- [pdf] [supp] [code]
LSMD-Net: LiDAR-Stereo Fusion with Mixture Density Network for Depth Sensing
Depth sensing is critical to many computer vision applications but remains challenge to generate accurate dense information with single type sensor. The stereo camera sensor can provide dense depth prediction but underperforms in texture-less, repetitive and occlusion areas while the LiDAR sensor can generate accurate measurements but results in sparse map. In this paper, we advocate to fuse LiDAR and stereo camera for accurate dense depth sensing. We consider the fusion of multiple sensors as a multimodal prediction problem.
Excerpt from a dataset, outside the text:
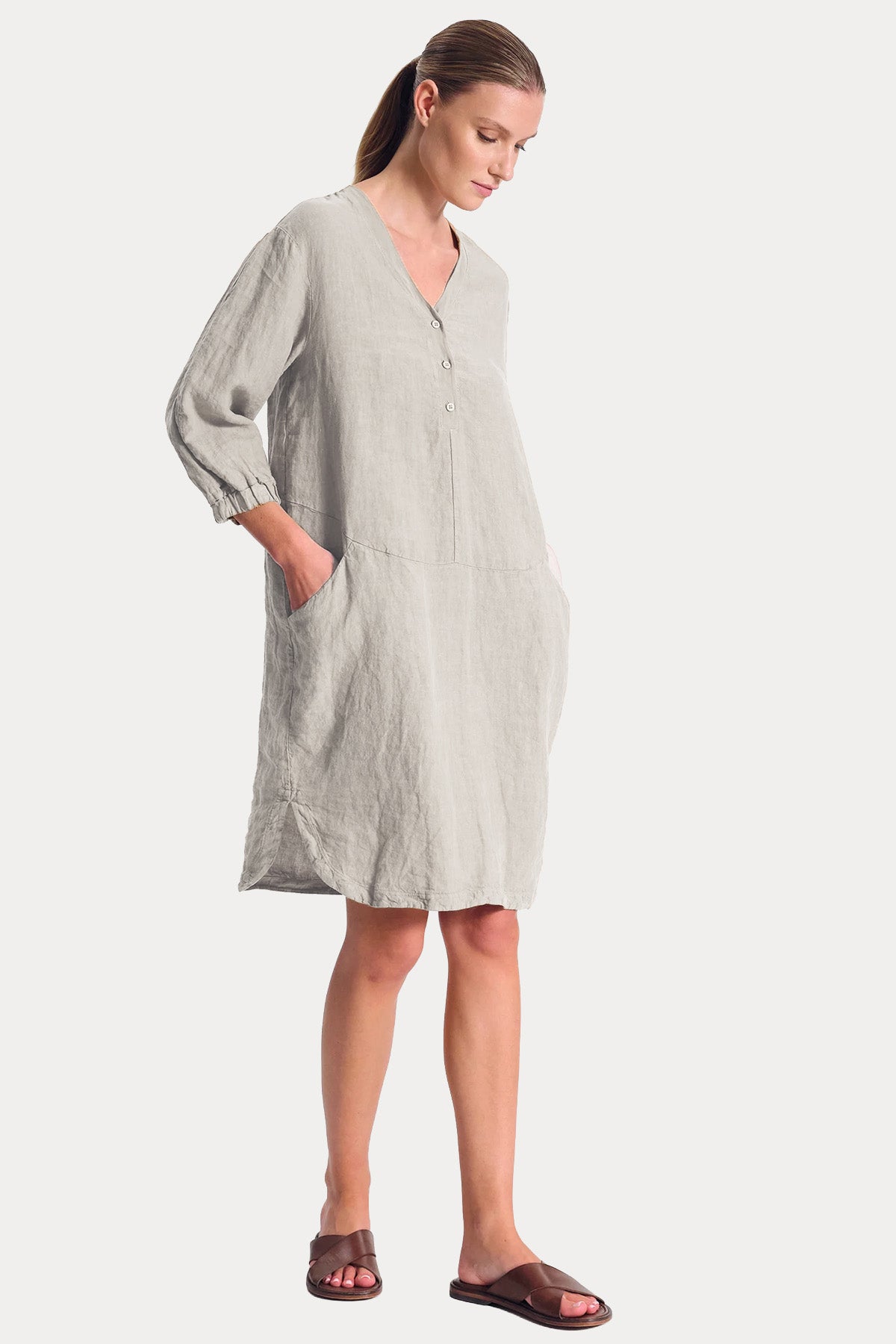 Transit Relaxed Fit Dizüstü Keten Elbise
We propose a novel end-to-end learning framework, dubbed as LSMD-Net to faithfully generate dense depth. The proposed method has dual-branch disparity predictor and predicts a bimodal Laplacian distribution over disparity at each pixel. This distribution has two modes which captures the information from two branches. Predictions from the branch with higher confidence is selected as the final disparity result at each specific pixel. Our fusion method can be applied for different type of LiDARs. Besides the existing dataset captured by conventional spinning LiDAR, we build a multiple sensor system with a non-repeating scanning LiDAR and a stereo camera and construct a depth prediction dataset with this system. Evaluations on both KITTI datasets and our home-made dataset demonstrate the superiority of our proposed method in terms of accuracy and computation time.